If your concerns aren’t that close to home but you’re still curious, you can keep an eye out for apparitions at any one of these GhostCam Web sites. The Ghost Research Society offers a whole page of links to ghost photos for your own examination. If seeing isn’t believing, then listen to recordings of electronic voice phenomena (EVPs), said to be the recorded sounds of spirits trying to communicate. Some say the voices aren’t only human apparitions speaking, but voices of more sinister origin—demons, for example--trying to make their presence known.

Want to gather and examine the evidence for yourself? Buy your own ghost hunting gear, everything from digital recorders to electromagnetic field detectors. You can also learn how to take ghost photographs and how to capture EVPs.


Vampire blues

Dracula is Halloween’s other headliner. These days, vampires are so mainstream that they’re almost out of fashion. I say start with the original by reading the novel that started it all, Bram Stoker’s “Dracula.” Once you’ve got the basics—fangs, bloodsucking, aversions to sunlight and pointy wooden sticks—check out the history behind the myth.


Now you’re ready to delve a little deeper. If you’re feeling brave (or concerned you may have a taste for blood of which you were previously unaware), dive into the deep end with support sites for real vampires such as Sanguinarius.org or the Atlanta Vampire Alliance.
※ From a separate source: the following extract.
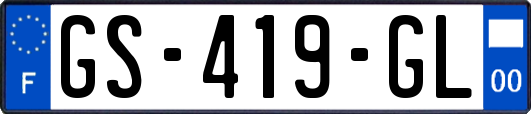 GS-419-GL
Some have speculated that diseases such as porphyria, which causes a sensitivity to light and a reduction in the production of red blood cells, may be the origin of vampire legends. Another source of such legends might be solar urticaria, a rare but very real allergic reaction to sunlight.


Night of the living dead

With his flesh-eating shamblers, George Romero added zombies to the Halloween lexicon. But zombies, like many legendary creatures, have a loose basis in fact and, at least according to the movies (perhaps not your best source of cultural reference), Haitian voodoo practice. There is, however, at least one documented case of a man actually having lived as a zombie. As recently as 2005, outbreaks of “zombism” in Cambodia and (more humorously) in Halifax have occurred. If you’re of a more philosophical bent, you might want to see what philosophers have to say about the experience of zombism. I think the philosophers are thinking too hard.


It’s a scary Web out there

From here, it’s all gravy. If you’re interested in shape changers, you can learn about real werewolves or read stories about those that have tramped through America’s heartland. You might want to visit one of America’s most haunted places. Or you might enjoy a glimpse into the 19th century art of spirit photography, an outgrowth of the era’s obsession with spiritualism and séances, in which the most unlikely looking of ghosts could be seen in formal portraits.
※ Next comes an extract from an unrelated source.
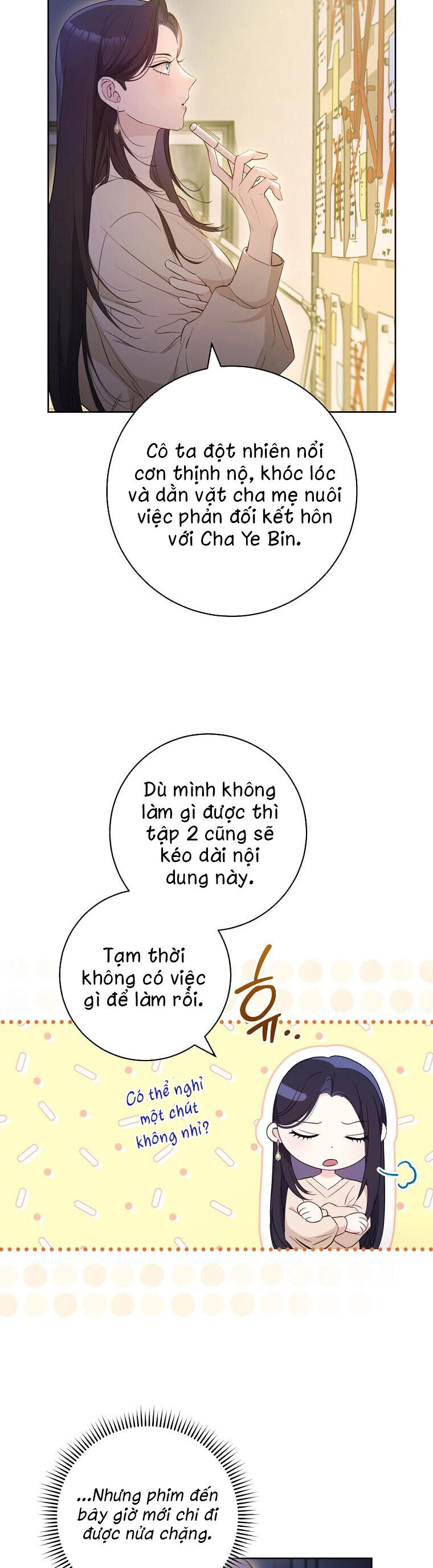 Tôi Sẽ Thoát Khỏi Đoá Hoa Của Thử Thách Chapter 2 - 4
But if you prefer a quieter Halloween, one in which the spooks are only in your mind, there’s no reason you can’t stick with more traditional Halloween activities. Find a good source for ghost stories at www.halloweenghoststories.com. Let librarian Nancy Pearl, author of “Book Lust,” recommend the best ghost stories she has ever found. The Paranormal Stories blog, which covers the weird year round, has declared this October Vampire month, and will be covering the subject regularly. And The Moonlit Road offers stories and folktales of Southern ghosts in text or audio format, so you can listen or read to your heart’s (dis)content.

Of course, if you’re looking for a scary audio experience, you should probably start with the granddaddy of them all: Orson Welles’ Mercury Theater on the Air production of “The War of the Worlds” (MP3| RealAudio). This is the one that threw 1938 America into an uproar on Halloween eve, convinced that New Jersey was overrun by invaders from Mars. Get the background on the broadcast before you listen, then step back in time to an era when radio was king and even the weirdest, spookiest things were possible.


Janna Silverstein is a New York expatriate living in Seattle. She has written articles on subjects from travel to technology for Microsoft Magazine, Expedia.com, and Microsoft Security at Home among others. She has never seen a ghost but can’t resist a good haunted house at Halloween.